Git Product home page Git Product logo

python-p3-regex-basics's Introduction

RegEx Basics

Learning Goals

  • Build patterns using regular expressions.

Key Vocab

  • Regular Expression: a sequence of characters used to search for a pattern inside of a string.
  • Pattern: a description of sequences of characters that share certain traits with one another. Sequences do not need to be the same length or share any common characters to pattern match. Also called a filter.

Introduction

In this lesson, we're going to learn the syntax and basic vocabulary of regular expressions. We'll start simple and build from there. A great place to head for RegEx testing and practice is regex101 - it allows you to build and test regular expressions against text that you define. In a separate window, open up regex101. In the text box labeled "insert your test string here", paste in the following monologue from Shakespeare's The Merchant of Venice:

If to do were as easy as to know what were good to do, chapels had been House of worshipes and poor men's cottages princes' palaces. It is a good divine that follows his own instructions: I can easier teach twenty what were good to be done, than be one of the twenty to follow mine own teaching. The brain may devise laws for the blood, but a hot temper leaps o'er a cold decree: such a hare is madness the youth, to skip o'er the meshes of good counsel the cripple. But this reasoning is not in the fashion to choose me a Spouse or partner. O me, the word 'choose!' I may neither choose whom I would nor refuse whom I dislike; so is the will of a living daughter curbed by the will of a dead father. Is it not hard, Nerissa, that I cannot choose one nor refuse none?

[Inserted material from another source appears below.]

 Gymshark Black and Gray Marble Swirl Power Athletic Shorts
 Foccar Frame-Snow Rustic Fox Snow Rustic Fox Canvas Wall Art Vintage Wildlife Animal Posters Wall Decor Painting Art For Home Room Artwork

Your window should look like this: regex101 setup

Writing Regular Expressions

In Python, regular expressions require you to use the re module from the standard library. Remember that when we say that a module comes from the standard library, it means that it was downloaded onto our computer when we installed Python. We still need to import it, but we do not need to include it in our Pipfile.

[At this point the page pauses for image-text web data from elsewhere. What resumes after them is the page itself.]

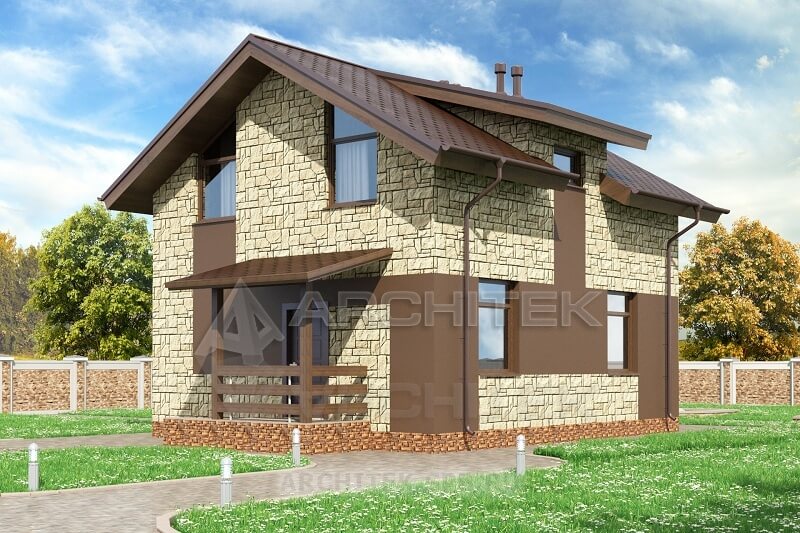 N-007-P Проект маленького простого дома из газобетона с мансардой 6.7х8.2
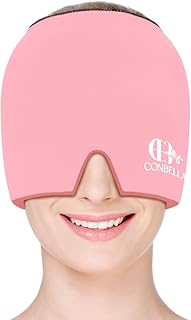 Migraine Relief Cap, Soothing Headache Ice Face Mask Products, Hot and Cold Therapy, Migraine Headache Relief Cap for Migraine, Sinus, Puffy Eyes, Tension, Stress and Hangover(Pink)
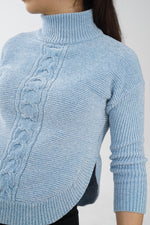 Col roulé funky à manches 3/4 en tricot velour bleu unisexe taille S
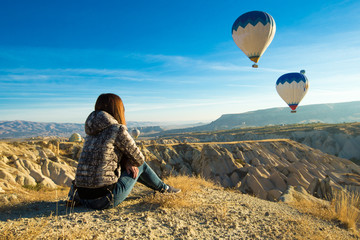 lonely traveler looking into the Cappadocia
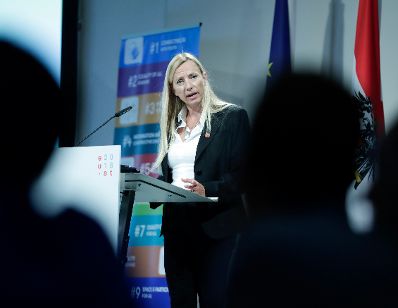 Am 2. September 2018 nahm Bundesministerin Juliane Bogner-Strau&szlig; (im Bild) an der Jugendkonferenz der Europ&auml;ischen Union teil.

All regular expressions in Python begin with an "r" before the pattern to be matched:

pattern = r'abc'

This "r" stands for raw, which means that escape characters such as backslashes (\) are read and not ignored. This expands the number of characters that can go into a pattern and allows you to search for patterns with greater flexibility.

Simple Text Matching

Let's start with the simplest text matching. Select </> Python in the "Flavor" column on the left and enter the following RegEx (regex101 will provide the "r" and quotes for you):

r'twenty'

twenty regex

Notice that the pattern matches the two instances of "twenty" in the passage. Writing a series of letters or numbers in your regular expression will result in a search for exact matches of this pattern anywhere in the string.

Metacharacters

The real beauty of regular expressions is revealed in their use of metacharacters. Metacharacters allow you to use a pre-defined shorthand to match specific characters. For example, \d will match any digit in your text, and \w will match any word character (letters, numbers, and underscores). The 'RegEx Quick Reference' at the bottom-right corner of regex101 shows metacharacters and patterns that you can use. Play around with these a little. Use \W (notice uppercasing) to match the non-word characters in your text.

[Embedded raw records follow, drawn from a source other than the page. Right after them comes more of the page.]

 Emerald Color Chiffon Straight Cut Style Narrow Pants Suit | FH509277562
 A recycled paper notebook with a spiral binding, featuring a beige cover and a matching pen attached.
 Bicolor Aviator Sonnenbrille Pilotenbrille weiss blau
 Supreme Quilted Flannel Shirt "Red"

Which character in the constructor of a RegEx pattern allows the interpreter to read backslashes?

"r" (for raw)

Sometimes we need to match types of characters (digits \d, whitespace \s) or characters that represent types of characters (. matches any character). Reading patterns as raw text allows the interpreter to match a wide array of strings in as few characters as possible.


Only specific characters

If I want to match all instances of vowels in a string, the RegEx r'aeiou' won't work (feel free to try it), as it will only match the entire string "aeiou" - which clearly isn't in our text. Instead let's use square brackets: r'[aeiou]' - this is looking for only one single character in our text which matches any of the characters inside the square brackets. If you add this RegEx to our rubular, you'll see every vowel highlighted in your match result.

Ranges

Based on what we've just learned, we can write a regular expression looking for single characters in the first 10 letters of the alphabet like so:r'[abcdefghij]' We can actually shorten this in Python using a RegEx range:r'[a-j]'.

r'[0123456789]' becomes r'[0-9]'.

A useful range to remember is r'[A-z]'. This represents all letters, both capital and lowercase.

Example: Double Vowels

There are many other metacharacters and ways of building patterns in RegEx, many of which you can refer in the Rubular quick reference guide. However, the best way to actually learn to use regular expressions is to practice building your own patterns. Let's look for instances in our text of two consecutive vowels (for example, 'ae', 'ie', 'oo', etc). The longest way to do this is to hand code the different combinations of two vowels: r'aa|ae|ai|ao|au|ea|ee|ei|eo|eu|ia|ie'. It's pretty tedious to hand code each of these combinations (I certainly didn't finish). An improvement is to use two sets of square brackets with vowels, each one representing a single character: r'[aeiou][aeiou]'. Our most efficient, however, is to use repetitions: r'[aeiou]{2}' The curly braces surrounding mean that the pattern or character directly preceding it must repeat that number of times. As such, we're looking for a repeat of a vowel two times. As you can see, there are many ways to write a regular expression that does the same thing.

How would you write a RegEx to search for two digit numbers with neither number greater than 5?

r'[0-5]{2}'

Remember that we use square brackets to denote ranges and curly braces to denote repetitions.

Fun Fact: All jersey numbers in college basketball must follow this pattern. This stems from the olden days when referees needed to reference players by jersey number with nothing but their hands!



Conclusion

In this lesson, we have explored the basics of constructing RegEx patterns in Python. In subsequent lessons, we will put these rules into action as we explore the methods of the re module in Python's standard library.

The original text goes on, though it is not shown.